> **GIVEN INFORMATION**:
┄┄┄┄┄┄

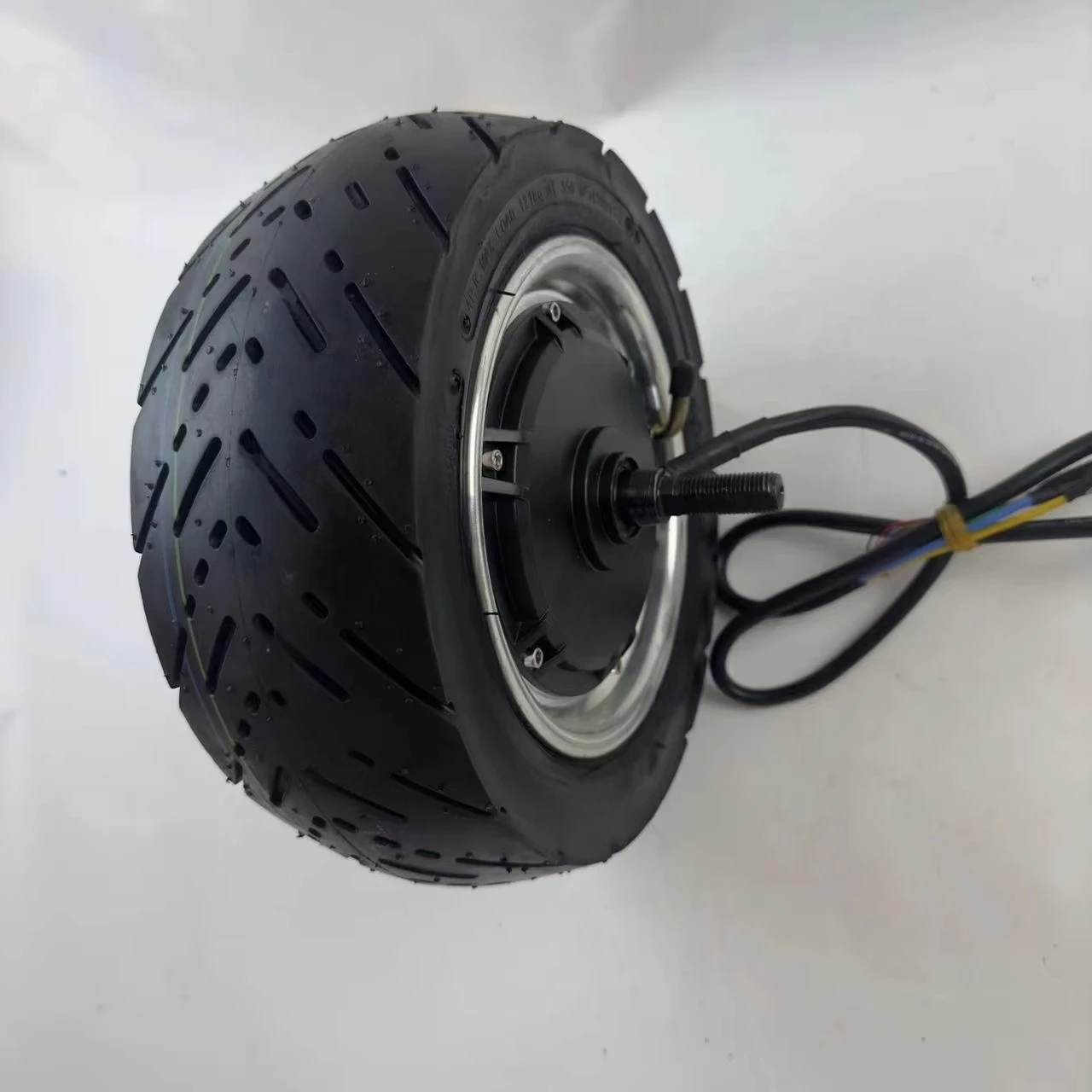 

Electric scooter hub motor 48v60v72v1500w-4000w+11 inch road tires 90/65-6 high torque disc brakes, motorcycle engine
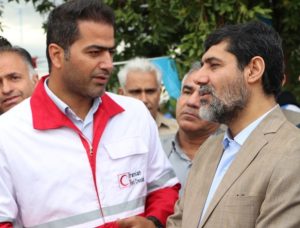 سید ناصر حسینی پور کسب رتبه اول استانی پایگاه‌های امداد و نجات شهرستان گچساران را تبریک گفت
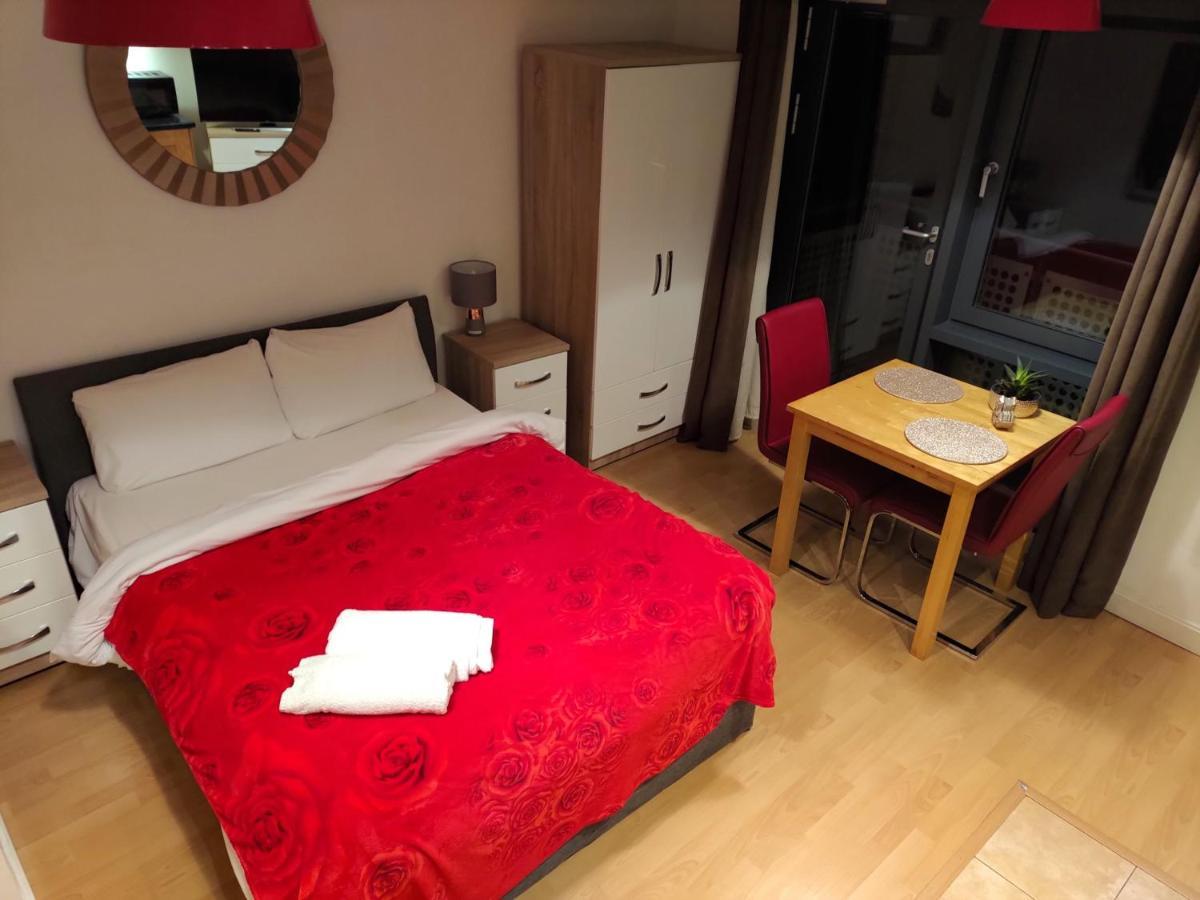 Empire Serviced Apartments Leicester Luaran gambar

┄┄┄┄┄┄

> **YOUR GOAL**:
Leaving the images out, retype all the material above exactly.

> **REPLY TO THE EXERCISE**:
Electric scooter hub motor 48v60v72v1500w-4000w+11 inch road tires 90/65-6 high torque disc brakes, motorcycle engine
 سید ناصر حسینی پور کسب رتبه اول استانی پایگاه‌های امداد و نجات شهرستان گچساران را تبریک گفت
 Empire Serviced Apartments Leicester Luaran gambar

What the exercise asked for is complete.